*Web page caption snippets*
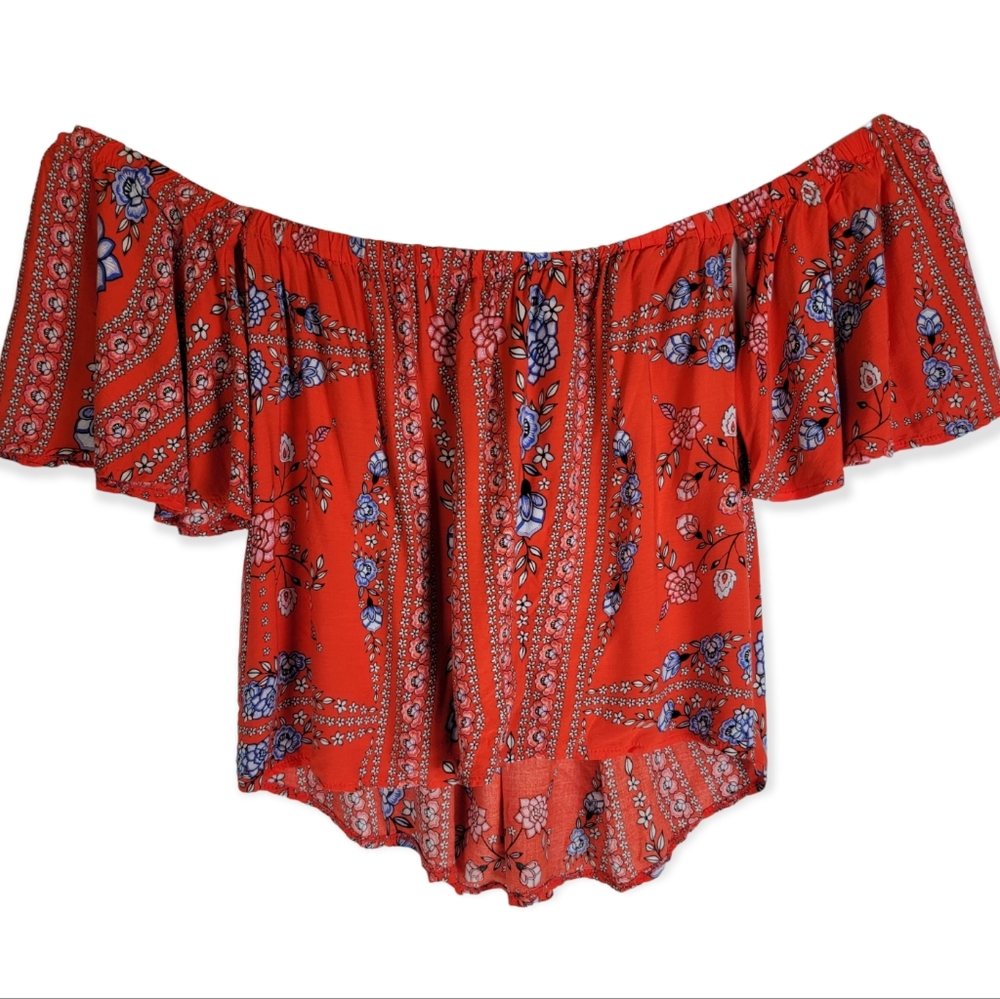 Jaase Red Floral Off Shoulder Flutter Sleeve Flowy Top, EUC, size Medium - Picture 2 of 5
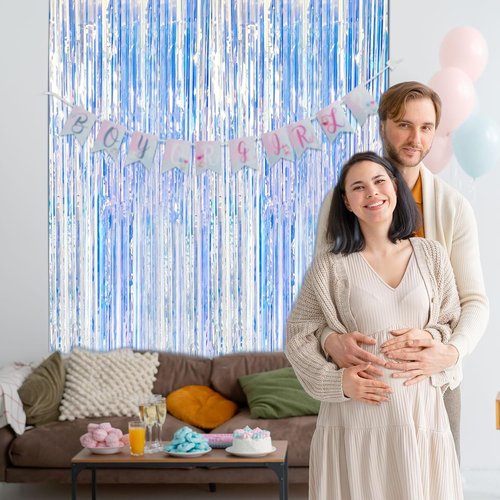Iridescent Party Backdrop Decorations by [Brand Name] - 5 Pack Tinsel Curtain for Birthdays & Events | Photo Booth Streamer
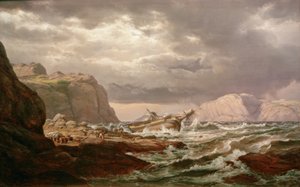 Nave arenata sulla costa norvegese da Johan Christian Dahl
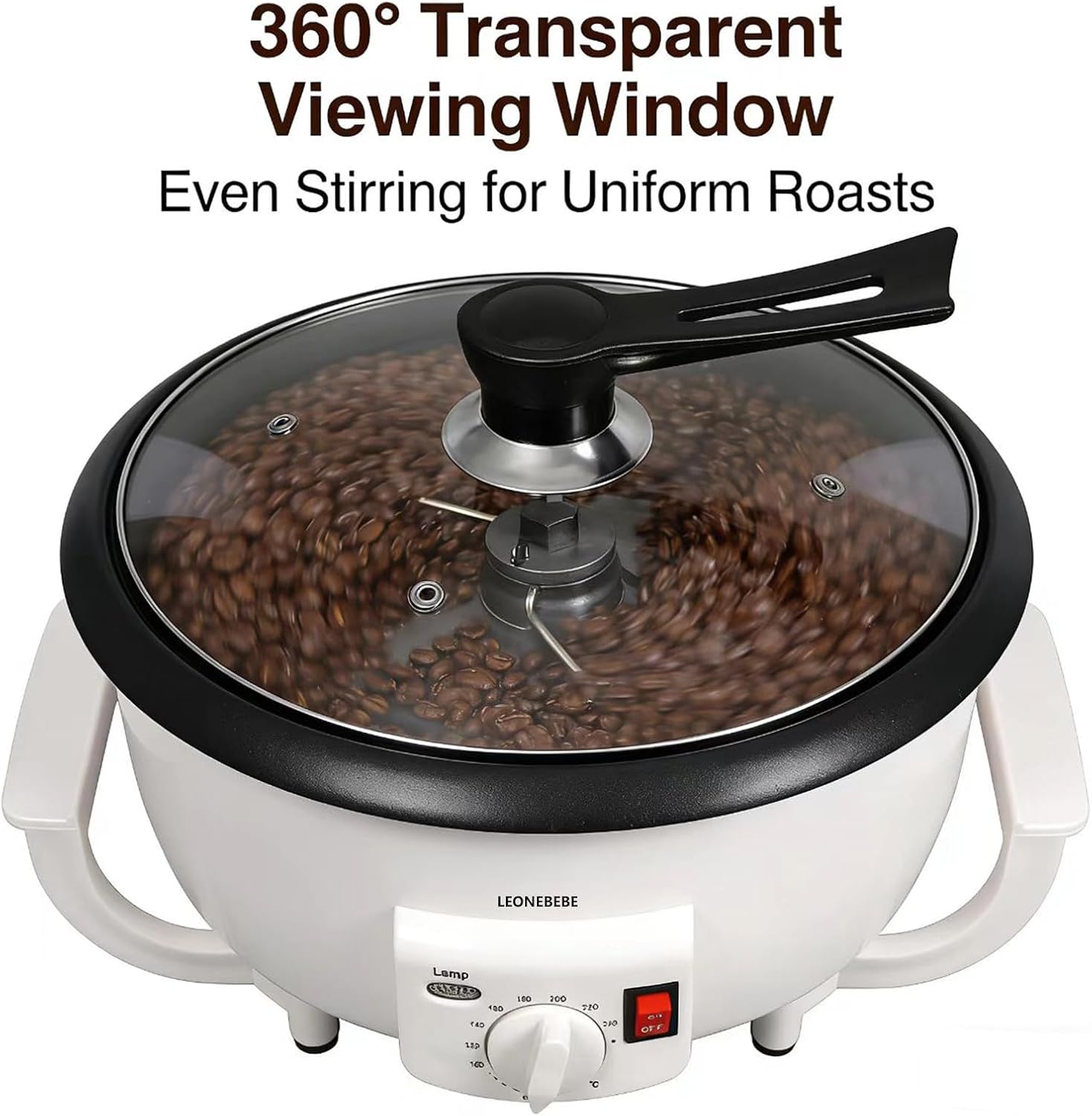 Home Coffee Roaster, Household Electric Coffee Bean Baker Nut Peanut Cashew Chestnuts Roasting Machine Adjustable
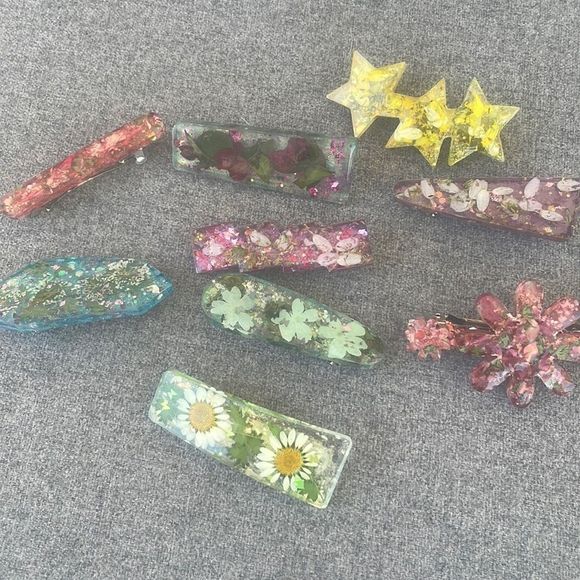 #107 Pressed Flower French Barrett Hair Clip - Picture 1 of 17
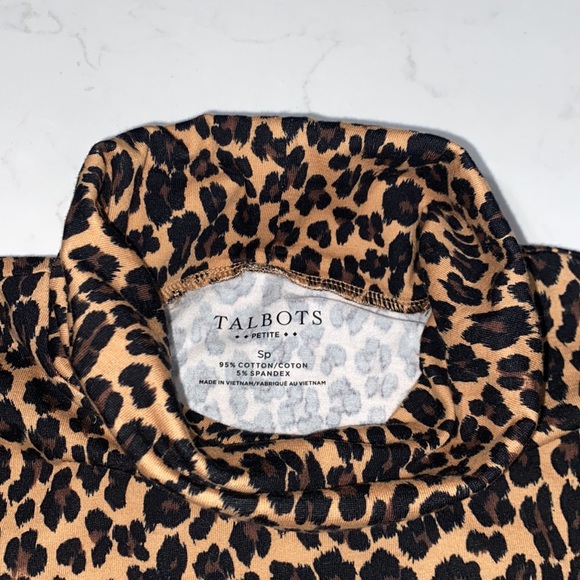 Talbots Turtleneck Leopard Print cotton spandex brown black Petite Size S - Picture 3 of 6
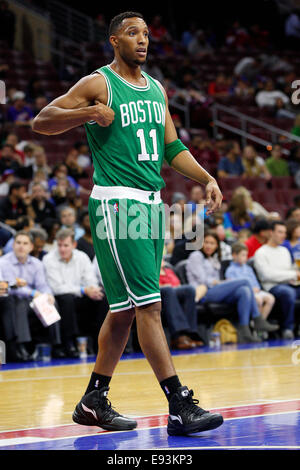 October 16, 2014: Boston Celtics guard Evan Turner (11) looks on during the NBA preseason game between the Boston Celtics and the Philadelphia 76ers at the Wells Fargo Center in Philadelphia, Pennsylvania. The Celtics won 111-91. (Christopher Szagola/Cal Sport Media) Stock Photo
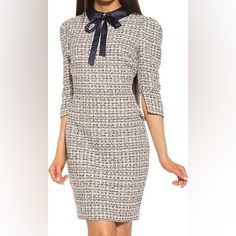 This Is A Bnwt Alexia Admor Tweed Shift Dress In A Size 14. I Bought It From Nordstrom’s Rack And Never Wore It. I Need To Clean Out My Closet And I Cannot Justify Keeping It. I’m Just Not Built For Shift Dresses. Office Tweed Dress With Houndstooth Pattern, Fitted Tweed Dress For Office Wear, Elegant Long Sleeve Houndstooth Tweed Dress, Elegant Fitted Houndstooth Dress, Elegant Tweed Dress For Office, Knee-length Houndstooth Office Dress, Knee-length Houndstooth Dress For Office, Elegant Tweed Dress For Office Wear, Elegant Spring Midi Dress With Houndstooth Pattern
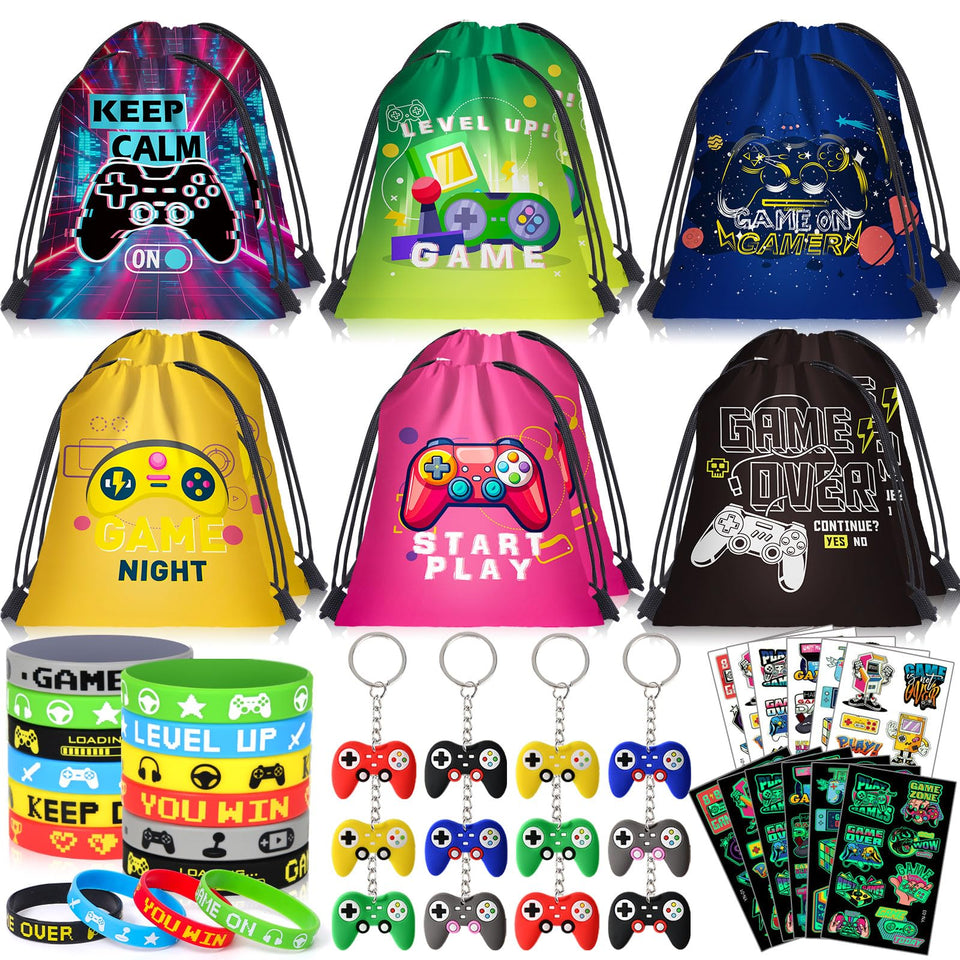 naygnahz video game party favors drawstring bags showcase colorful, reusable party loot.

*Problem description*
Reproduce, exactly and with no pictures, the lines from the line containing "This Is A Bnwt" through the closing line of the data above, keeping both ends.

*Output below*
 This Is A Bnwt Alexia Admor Tweed Shift Dress In A Size 14. I Bought It From Nordstrom’s Rack And Never Wore It. I Need To Clean Out My Closet And I Cannot Justify Keeping It. I’m Just Not Built For Shift Dresses. Office Tweed Dress With Houndstooth Pattern, Fitted Tweed Dress For Office Wear, Elegant Long Sleeve Houndstooth Tweed Dress, Elegant Fitted Houndstooth Dress, Elegant Tweed Dress For Office, Knee-length Houndstooth Office Dress, Knee-length Houndstooth Dress For Office, Elegant Tweed Dress For Office Wear, Elegant Spring Midi Dress With Houndstooth Pattern
 naygnahz video game party favors drawstring bags showcase colorful, reusable party loot.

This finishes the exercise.